Calculate the volume of the solid in $xyz$-space bounded by the surfaces $$ \displaystyle z=\frac{1}{x^2+y^2+1} and\:z=\frac{1}{x^2+y^2+4} $$
I haven't done triple integrals for a long time. But it looks like we can use a coordinate change (cylindrical or spherical?) to make it simpler. And help would be appreciated!
On
You can use cylindrical coordinates. Then $x^2+y^2=r^2$. You now have a solid of revolution, revolving a curve that looks like this around the $x$ (or $r$) axis. A plot is 
. Now you should be able to integrate this.

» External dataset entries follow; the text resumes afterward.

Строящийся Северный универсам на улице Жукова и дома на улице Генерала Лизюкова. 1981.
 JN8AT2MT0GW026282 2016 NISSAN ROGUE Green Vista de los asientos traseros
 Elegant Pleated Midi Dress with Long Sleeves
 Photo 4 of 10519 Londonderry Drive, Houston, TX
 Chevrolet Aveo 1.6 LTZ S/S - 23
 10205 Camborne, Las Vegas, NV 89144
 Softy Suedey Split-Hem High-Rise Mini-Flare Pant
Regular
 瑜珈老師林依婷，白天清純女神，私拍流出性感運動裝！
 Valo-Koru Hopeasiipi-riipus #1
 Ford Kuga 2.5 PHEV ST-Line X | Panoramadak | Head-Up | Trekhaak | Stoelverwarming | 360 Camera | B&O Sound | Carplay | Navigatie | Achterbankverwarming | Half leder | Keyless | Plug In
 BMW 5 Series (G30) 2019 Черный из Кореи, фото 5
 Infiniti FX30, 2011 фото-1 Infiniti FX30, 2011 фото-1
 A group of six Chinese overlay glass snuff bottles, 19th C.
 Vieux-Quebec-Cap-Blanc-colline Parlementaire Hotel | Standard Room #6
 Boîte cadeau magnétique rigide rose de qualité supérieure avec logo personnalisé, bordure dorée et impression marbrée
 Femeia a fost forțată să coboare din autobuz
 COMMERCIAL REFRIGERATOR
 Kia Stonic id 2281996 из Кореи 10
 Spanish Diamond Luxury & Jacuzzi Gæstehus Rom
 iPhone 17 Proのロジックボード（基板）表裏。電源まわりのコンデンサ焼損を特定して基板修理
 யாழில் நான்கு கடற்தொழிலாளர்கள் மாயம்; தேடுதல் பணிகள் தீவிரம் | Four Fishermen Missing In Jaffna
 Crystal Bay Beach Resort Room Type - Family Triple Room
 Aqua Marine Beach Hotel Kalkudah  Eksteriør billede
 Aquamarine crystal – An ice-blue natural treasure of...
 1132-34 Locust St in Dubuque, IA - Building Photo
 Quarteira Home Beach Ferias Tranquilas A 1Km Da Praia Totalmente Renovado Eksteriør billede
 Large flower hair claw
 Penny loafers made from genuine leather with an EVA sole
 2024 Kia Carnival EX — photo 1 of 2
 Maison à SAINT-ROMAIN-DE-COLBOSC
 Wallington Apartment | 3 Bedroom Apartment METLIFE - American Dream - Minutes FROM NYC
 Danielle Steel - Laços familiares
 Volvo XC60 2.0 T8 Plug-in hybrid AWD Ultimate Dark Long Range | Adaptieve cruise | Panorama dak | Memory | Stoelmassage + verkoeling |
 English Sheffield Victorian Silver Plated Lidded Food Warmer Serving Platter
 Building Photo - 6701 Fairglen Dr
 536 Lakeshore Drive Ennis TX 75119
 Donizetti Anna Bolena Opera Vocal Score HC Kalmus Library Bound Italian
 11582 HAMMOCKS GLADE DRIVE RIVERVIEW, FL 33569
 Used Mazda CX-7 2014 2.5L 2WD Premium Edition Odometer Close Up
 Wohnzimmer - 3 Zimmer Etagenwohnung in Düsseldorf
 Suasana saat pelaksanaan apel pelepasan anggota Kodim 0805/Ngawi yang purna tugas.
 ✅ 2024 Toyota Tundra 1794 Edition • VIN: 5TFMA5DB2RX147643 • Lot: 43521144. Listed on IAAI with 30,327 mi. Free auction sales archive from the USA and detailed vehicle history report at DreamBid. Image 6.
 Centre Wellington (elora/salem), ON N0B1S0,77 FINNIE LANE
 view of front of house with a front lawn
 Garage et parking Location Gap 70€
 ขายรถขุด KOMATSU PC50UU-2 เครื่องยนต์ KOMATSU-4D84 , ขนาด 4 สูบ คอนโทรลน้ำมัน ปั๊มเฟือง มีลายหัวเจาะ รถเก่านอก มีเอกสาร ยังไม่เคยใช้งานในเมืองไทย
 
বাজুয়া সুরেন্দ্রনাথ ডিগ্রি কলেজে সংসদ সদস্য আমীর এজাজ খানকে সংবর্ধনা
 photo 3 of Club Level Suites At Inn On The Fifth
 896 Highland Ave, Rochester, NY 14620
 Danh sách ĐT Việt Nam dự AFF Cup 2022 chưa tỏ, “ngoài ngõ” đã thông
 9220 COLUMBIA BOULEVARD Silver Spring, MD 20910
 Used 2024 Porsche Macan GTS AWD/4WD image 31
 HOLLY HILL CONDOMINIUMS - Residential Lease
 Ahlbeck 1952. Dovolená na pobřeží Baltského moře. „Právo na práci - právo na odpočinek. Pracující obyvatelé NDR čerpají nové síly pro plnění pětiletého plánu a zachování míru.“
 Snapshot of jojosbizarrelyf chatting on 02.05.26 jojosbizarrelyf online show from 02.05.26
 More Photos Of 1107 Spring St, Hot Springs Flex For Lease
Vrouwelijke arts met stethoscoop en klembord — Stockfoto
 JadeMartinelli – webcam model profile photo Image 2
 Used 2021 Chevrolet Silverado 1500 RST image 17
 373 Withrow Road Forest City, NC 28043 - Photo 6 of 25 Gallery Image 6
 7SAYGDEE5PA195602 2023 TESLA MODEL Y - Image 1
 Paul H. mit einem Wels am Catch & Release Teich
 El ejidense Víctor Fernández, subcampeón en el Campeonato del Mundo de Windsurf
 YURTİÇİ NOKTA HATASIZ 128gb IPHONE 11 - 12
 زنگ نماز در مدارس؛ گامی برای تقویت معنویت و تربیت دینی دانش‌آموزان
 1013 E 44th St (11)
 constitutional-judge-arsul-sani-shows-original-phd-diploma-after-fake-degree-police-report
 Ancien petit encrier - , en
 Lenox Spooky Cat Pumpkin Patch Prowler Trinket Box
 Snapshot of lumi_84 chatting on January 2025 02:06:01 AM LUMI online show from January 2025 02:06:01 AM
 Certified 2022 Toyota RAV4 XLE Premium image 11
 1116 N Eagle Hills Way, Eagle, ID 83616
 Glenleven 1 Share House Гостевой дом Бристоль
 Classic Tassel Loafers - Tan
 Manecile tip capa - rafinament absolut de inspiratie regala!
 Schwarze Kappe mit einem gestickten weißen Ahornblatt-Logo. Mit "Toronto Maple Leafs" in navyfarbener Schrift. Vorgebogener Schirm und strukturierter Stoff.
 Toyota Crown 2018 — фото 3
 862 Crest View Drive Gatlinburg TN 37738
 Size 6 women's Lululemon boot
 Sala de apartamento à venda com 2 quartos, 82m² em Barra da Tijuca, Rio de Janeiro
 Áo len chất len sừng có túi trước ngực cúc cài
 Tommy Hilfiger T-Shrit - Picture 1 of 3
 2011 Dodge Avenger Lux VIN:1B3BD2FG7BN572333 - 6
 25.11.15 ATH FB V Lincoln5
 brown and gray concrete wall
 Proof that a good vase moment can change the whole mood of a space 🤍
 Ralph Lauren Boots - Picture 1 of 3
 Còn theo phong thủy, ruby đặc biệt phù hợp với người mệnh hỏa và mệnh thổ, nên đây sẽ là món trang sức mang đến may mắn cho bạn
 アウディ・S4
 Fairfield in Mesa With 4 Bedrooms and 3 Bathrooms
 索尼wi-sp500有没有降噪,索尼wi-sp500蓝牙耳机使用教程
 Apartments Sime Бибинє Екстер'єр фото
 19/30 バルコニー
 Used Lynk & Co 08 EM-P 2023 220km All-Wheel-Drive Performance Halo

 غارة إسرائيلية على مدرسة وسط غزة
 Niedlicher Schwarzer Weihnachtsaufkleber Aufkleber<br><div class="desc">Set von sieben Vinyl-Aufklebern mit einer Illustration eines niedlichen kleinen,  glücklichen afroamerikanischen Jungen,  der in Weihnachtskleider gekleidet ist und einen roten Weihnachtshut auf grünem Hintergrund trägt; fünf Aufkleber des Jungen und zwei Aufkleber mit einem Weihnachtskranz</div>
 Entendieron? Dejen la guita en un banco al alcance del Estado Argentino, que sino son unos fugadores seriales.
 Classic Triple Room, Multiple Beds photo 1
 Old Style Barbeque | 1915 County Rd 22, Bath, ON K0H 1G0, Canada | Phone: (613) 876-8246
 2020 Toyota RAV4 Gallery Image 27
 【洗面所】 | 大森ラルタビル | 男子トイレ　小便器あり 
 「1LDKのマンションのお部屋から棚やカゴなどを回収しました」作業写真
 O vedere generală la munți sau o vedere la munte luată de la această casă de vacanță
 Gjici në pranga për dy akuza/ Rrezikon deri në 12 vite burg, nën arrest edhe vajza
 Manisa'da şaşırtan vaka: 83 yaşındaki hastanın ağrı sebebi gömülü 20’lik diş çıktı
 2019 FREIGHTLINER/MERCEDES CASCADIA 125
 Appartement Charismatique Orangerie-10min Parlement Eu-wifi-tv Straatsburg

I would suggest shells are easier.
Let $x=r \sin \theta,y=r \cos \theta$, and the volume is, removing $\theta$ having noticed that the graph is unchanged after a rotation about the $z$ axis,
$$V=\int_{r \ge 0}2 \pi r\left(\frac{1}{r^2+1}-\frac{1}{r^2+4} \right)dr= \int_{u \ge 0} \pi \left(\frac{1}{u+1}-\frac{1}{u+4} \right)dr= \pi \int_1^4\frac{1}{u}du=\pi\ln(4).$$
Note that I've used that the volume of a cylinder with height $z$, thickness $dr$ and radius $r$ is $2 \pi r z dr$.